Consider the following options:

· Return the vehicle – while this is an unsure gamble, you can always try and return the vehicle. If the dealership has a return policy, this could work out well. If they do not however, you will often be given the choice to opt for a cheaper model than the one you intend to return so the dealership can still make a sale.

· Transfer your loan – if you can find someone who will be willing to take on your car loan for you, you can always legally transfer the financial responsibilities to them. This can be anyone – a friend, family member, or volunteer. They will have to meet some criteria set out by the lender, and after all legalities are fulfilled, you’re off the hook.

· Refinance your loan – short of defaulting, you can always try to refinance your car loan. Talk to your lender or car dealer about any possible way to change, extend, or modify the terms of your loan to better suit your current capacity to repay. If your request is approved, choose the best plan that will allow you to maximize your capacity to pay off your loan.

Can We Use Personal Loans To Buy a Car

Yes. You can use a personal loan to fund a car purchase.
Using personal loans to buy a car has its benefits compared to car loans. First of all, unlike a car loan which requires you to use the bought car as collateral in case you default, a personal loan dosn't have any. That's because it is a type of unsecured loan. Another advantage is that you can use a personal loan to buy any vehicle. A car loan limits your purchase to new cars or used cars that are less than 10 years old.
With a personal loan, you'd be able to own the car right away granted that you successfully pay off its full amount. You get to decide how you will use a personal loan. For instance, you can spend it all on the car or divide it across various expenses. There are also many different types of personal loans. You can choose an option that best suits your needs. Finally, a personal loan doesn't require deposit whereas a car loan does.

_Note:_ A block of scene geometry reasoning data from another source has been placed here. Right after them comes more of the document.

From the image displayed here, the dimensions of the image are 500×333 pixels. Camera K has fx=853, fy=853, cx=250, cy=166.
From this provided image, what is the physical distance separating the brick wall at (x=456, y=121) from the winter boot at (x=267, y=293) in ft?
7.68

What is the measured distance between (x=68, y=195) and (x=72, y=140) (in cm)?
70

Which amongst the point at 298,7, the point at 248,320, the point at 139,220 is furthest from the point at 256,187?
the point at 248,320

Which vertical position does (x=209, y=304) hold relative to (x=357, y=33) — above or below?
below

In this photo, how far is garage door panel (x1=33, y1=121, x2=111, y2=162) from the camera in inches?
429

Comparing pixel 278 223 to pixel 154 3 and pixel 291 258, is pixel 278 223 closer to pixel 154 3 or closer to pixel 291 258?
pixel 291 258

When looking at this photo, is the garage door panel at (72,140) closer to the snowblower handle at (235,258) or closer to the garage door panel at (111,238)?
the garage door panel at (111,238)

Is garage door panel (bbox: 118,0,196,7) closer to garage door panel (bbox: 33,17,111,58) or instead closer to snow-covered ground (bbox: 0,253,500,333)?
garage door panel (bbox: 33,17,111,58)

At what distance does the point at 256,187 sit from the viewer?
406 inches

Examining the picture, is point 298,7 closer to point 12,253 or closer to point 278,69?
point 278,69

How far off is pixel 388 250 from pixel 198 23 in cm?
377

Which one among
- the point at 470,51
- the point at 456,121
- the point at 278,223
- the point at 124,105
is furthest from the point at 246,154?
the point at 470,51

Does Personal Loans Have Risks?

A personal loan does have its drawbacks. It tends to have higher eligibility requirements, as well as higher interest rates compared to a car loan. Unless you borrow large amounts, you might have to repay a personal loan within 12-24 months. If you have bad credit, a personal loan is going to cost you even more. You also have to pay for car insurance and additional fees out of pocket.
If you want to buy a vehicle, weigh the pros and cons so you can decide whether you're going to use a personal loan.
Yes. You can sell a car even if it's still on loan. Cars with existing loans can be sold to a private party or a dealer. While it is possible, it usually takes time and requires additonal steps. This is because a car with a loan on it won't be under your complete ownership.
The lender whom you owe the car loan to, is in part, also an owner of the vehicle in question. As such, the lender will either be indicated on the title of your car, or will be in possession of the said title.

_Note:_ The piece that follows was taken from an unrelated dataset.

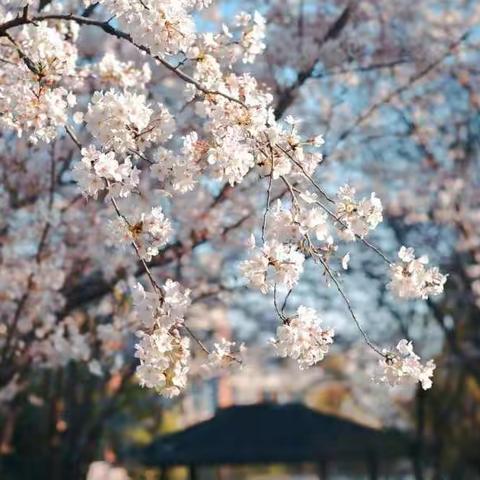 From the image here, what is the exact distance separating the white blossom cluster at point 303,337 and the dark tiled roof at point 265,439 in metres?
6.30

Lenders do this for two reasons:

1. So you won't be able to sell the vehicle and transfer its title to a new owner

2. It ensures that unless and until you pay the remaining balance of your loan, the lender will partly own the vehicle
If you want to sell a vehicle with an existing loan, you need to pay it off completely to be able to transfer ownership to the buyer. Borrowers who owe the lender more than the sale price of the vehicle will have to pay the difference.
Before you sell a car with a loan on it, you have to find out how much you owe for the car loan, and how you intend on paying it off.
Tip: Buyers might hesitate to buy a car that hasn't been fully paid. It usually helps to tag them along to your lender, and pay the remaining loan balance in front of them.